Women and men are equal partners in this holy work.
The past few decades have witnessed an explosion of women’s study of Talmud and halacha, in Israel, the U.S., and beyond. These individuals have taken on roles in communities, schools and other Jewish institutions, where their voices provide Torah leadership, knowledge and wisdom. As we built our third cohort, we were privileged to partner with Maharat, and we included female participants for the first time. Our learning has been greatly enhanced by the presence of women and men together, delving deeper into questions of rabbinic identity, inclusion and the structures of communal leadership. All of our participants gain from being in a mixed group, enhancing each others’ experiences, challenging each others’ assumptions and more accurately mirroring their own communal realities.
More connection = less stigma.
The U.S. visit centers around meeting rabbis from within and beyond Orthodoxy. Our meetings with clergy representing other denominations are always honest and sometimes very challenging. They also remind us of our shared Torah, goals and work. We are grateful to those who volunteer their time for our group, including Rabbi Rachel Ain of the Conservative movement, Rabbi Angela Buchdahl of the Reform movement, and Rabbi David Ingber of Renewal Judaism, three community builders and leaders, steeped in Jewish tradition and values. Our group remains inspired by these and other rabbis’ tenacious battle to draw people into Jewish communal life, learning and practice.
U.S. communities benefit, too.
Over the course of two weekends, our rabbis learned with and taught in congregations across the United States, from New York City, to Berkeley and Chicago, to Nashville and Atlanta. These communities benefited from their learning with these rabbis, and perhaps most profoundly, from the realization that they, as Diaspora Jews in Diaspora Jewish communities, serve as models and inspiration for stronger communal life in Israel. By bringing “outsiders” into communal institutions, we both celebrate our own accomplishments and become more introspective about all that we must continue to build.
There is much more to do.
The presence of women, many of whom lack the same level of access to Orthodox rabbinic organizations that their male colleagues enjoy, has further motivated us to continue to build our rabbinic network in Israel. We already have a built-in group of over 50 rabbanim and rabbaniyot in Israel, counting our Rikmah graduates along with YCT alumni and Maharat alumni who have made aliyah. These Israelis and Americans alike work in Israeli schools, hospitals and synagogues. They serve in the IDF and as advisors and leaders in various levels of the government. It is now up to us to foster their nascent rabbinic network and continue to build it by adding new members, and deepening the connections between those already involved.

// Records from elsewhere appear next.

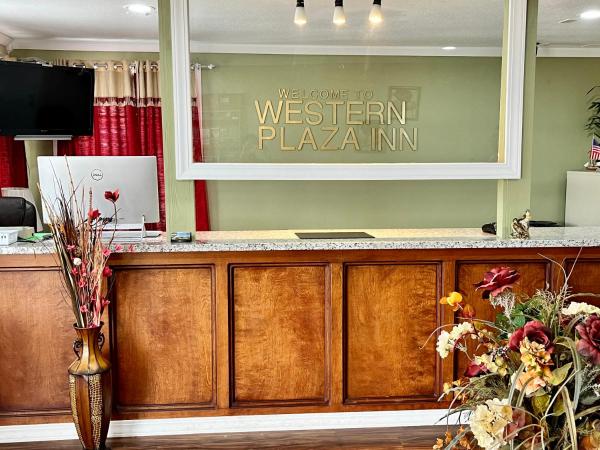 På billedet ses objektet Western Plaza Inn beliggende i byen Wickes.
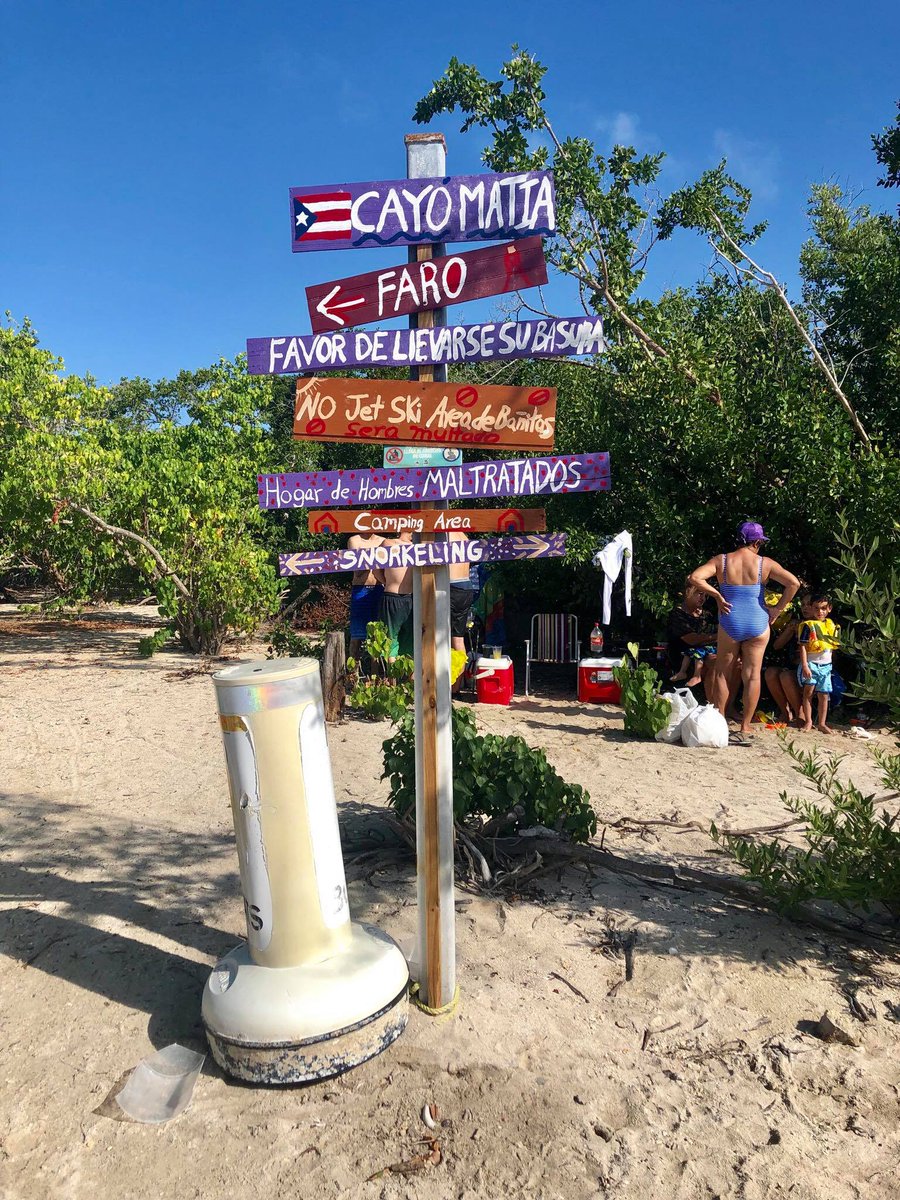 2MonkeysTravel's tweet photo. I cooked Lumpia and adobo for lunch then we went to the island where everyone were doing barbecue for lunch and snacks. #TwoMonkeysSailing https://t.co/RtH93uA1sJ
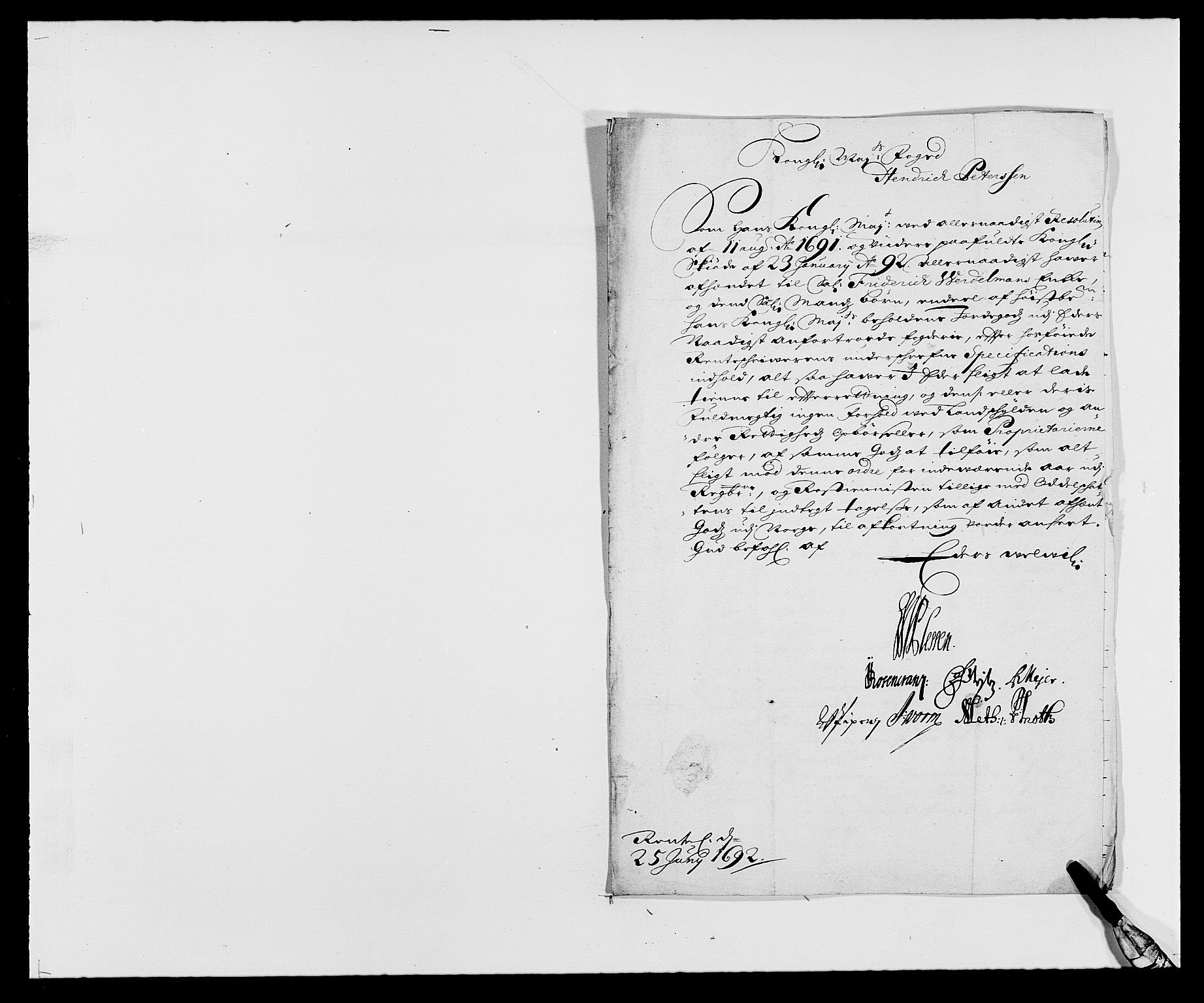 Rentekammeret inntil 1814, Reviderte regnskaper, Fogderegnskap, RA/EA-4092/R21/L1449: Fogderegnskap Ringerike og Hallingdal, 1690-1692, p. 1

As Rikmah begins recruiting its fourth cohort, we are confident in our graduates, proud of their work, and excited to see this program’s continued development and contribution to am yisrael in Medinat Yisrael, North America and throughout the world.
The authors, Rabbi Yonah Berman with Rabbanit Yafit Clymer, and Rabbi Ilay Ofran serve as U.S. and Israeli directors of Rikmah: the YCT Beit Midrash for Rabbinic Leadership in Israel. They dedicate this article to Rikmah’s first 40 rabbinic fellows, whose commitment to building a professional rabbinate in Israel inspires so many every single day.